On July 2, 2014, Tessier-Miller called the United States Attorney's Office seeking information about the status of Nouri's appeal; it appears that the United States Attorney's Office never returned the call. (Tessier-Miller Decl. at ¶ 4; see Hr'g Tr. at 3). The same day, Tessier-Miller called Markowski. (Tessier-Miller Decl. at ¶ 4). There is some indication that this contact was motivated by concern over the Court's continued possession of Nouri's bail money. (Hr'g Tr. at 10-11). The next day, Markowski e-mailed Tessier-Miller and said that he had just spoken to Nouri, who had no updates and had not heard anything further from his counsel. (Tessier-Miller Decl. at ¶ 5).

On February 10, 2015, Tessier-Miller e-mailed Markowski to request that he complete a compliance letter for Nouri and to ask if Nouri had said anything about the status of his case. Markowski responded that Nouri had not recently reported any updates. (Id. ¶ 6(a); Markowski Decl. at ¶ 8(a)-(b)). Markowski then e-mailed and called Nouri to check in, and Nouri said that he was waiting to hear from the BOP about when to start his sentence. (Markowski Decl. at ¶ 8(d)). Markowski then checked Nouri's district court docket, and saw that his conviction had been affirmed on May 3, 2013. (Id. ¶ 8(e)). Markowski e-mailed Tessier-Miller to alert her to the ruling, and said that there may have been a miscommunication because Nouri was never told when or where to surrender. (Id. ¶ 8(f); Tessier-Miller Decl. at ¶ 6(b)).
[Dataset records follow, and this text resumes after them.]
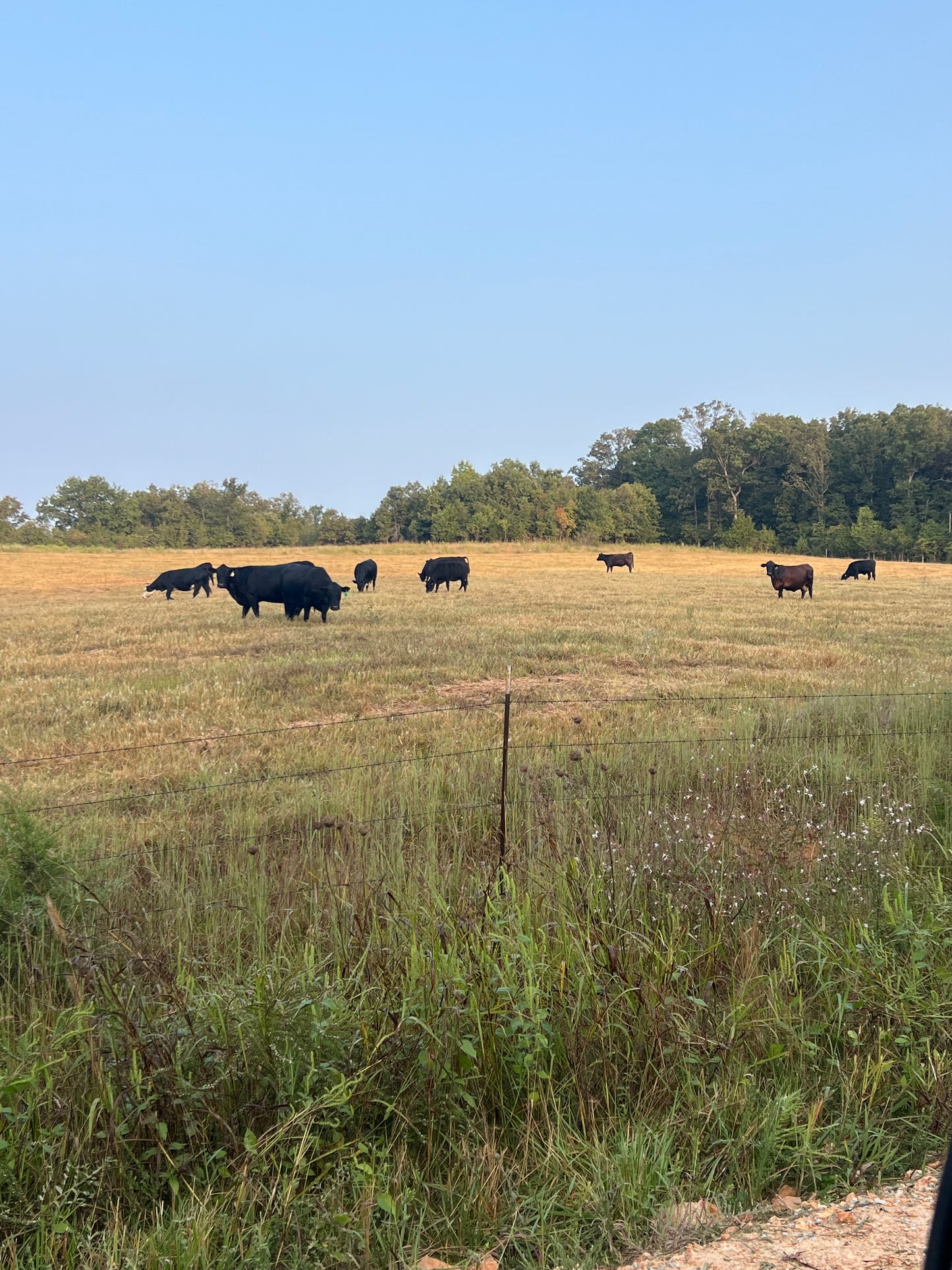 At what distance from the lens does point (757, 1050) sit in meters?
3.22

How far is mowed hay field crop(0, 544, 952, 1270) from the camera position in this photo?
2.53m

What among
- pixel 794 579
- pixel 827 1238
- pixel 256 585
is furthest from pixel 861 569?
pixel 827 1238

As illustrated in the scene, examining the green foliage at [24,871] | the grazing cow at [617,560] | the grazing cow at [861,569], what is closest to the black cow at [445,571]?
the grazing cow at [617,560]

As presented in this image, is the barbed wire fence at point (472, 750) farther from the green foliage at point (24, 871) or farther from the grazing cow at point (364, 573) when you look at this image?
the grazing cow at point (364, 573)

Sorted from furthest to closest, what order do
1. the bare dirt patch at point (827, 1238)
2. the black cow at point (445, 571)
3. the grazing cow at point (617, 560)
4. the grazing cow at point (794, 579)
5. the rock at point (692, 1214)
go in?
the grazing cow at point (617, 560)
the black cow at point (445, 571)
the grazing cow at point (794, 579)
the rock at point (692, 1214)
the bare dirt patch at point (827, 1238)

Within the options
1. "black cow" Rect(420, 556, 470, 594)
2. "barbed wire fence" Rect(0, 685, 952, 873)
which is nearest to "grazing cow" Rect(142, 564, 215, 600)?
"black cow" Rect(420, 556, 470, 594)

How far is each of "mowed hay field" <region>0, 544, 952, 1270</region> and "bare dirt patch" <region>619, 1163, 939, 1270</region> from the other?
0.34ft

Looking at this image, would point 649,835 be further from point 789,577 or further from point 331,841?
point 789,577

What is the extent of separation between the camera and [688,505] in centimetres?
10306

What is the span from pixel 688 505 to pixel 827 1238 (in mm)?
105112

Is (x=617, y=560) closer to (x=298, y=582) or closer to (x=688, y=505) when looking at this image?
(x=298, y=582)

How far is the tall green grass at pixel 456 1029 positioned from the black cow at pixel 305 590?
16154mm

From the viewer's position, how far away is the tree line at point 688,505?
8419 centimetres

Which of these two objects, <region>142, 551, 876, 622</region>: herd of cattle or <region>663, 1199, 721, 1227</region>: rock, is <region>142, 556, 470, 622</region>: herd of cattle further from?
<region>663, 1199, 721, 1227</region>: rock
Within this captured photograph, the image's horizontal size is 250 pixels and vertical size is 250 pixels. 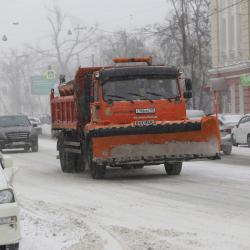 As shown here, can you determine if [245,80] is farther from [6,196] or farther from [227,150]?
[6,196]

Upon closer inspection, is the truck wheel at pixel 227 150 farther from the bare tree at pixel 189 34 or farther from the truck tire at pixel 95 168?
the bare tree at pixel 189 34

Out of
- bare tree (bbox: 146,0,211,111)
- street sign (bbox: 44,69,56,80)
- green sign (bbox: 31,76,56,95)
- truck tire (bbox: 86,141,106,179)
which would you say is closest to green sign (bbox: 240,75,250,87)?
bare tree (bbox: 146,0,211,111)

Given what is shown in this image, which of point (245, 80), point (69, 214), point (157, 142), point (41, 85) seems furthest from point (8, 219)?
point (41, 85)

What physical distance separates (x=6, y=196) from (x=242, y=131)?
960 inches

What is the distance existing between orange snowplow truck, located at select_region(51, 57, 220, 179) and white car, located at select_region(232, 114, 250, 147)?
12.8m

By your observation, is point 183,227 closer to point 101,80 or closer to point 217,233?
point 217,233

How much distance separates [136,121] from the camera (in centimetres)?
1766

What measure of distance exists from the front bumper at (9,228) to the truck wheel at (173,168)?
11.2 m

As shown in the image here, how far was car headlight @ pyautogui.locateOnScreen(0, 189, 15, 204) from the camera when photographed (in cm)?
782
Tessier-Miller immediately called the Probation Office for the Southern District of New York and discussed the situation with Leopold. (Tessier-Miller Decl. at ¶ 6(c); Leopold Decl. at ¶ 4). Leopold called my chambers to advise that Nouri had never been designated to a facility, and asked me to issue an order for Nouri to surrender. (Leopold Decl. at ¶ 5). In an order dated that same day, February 10, 2015, I ordered Nouri to surrender on or before March 25, 2015. I subsequently postponed Nouri's surrender until after a decision on the present motion.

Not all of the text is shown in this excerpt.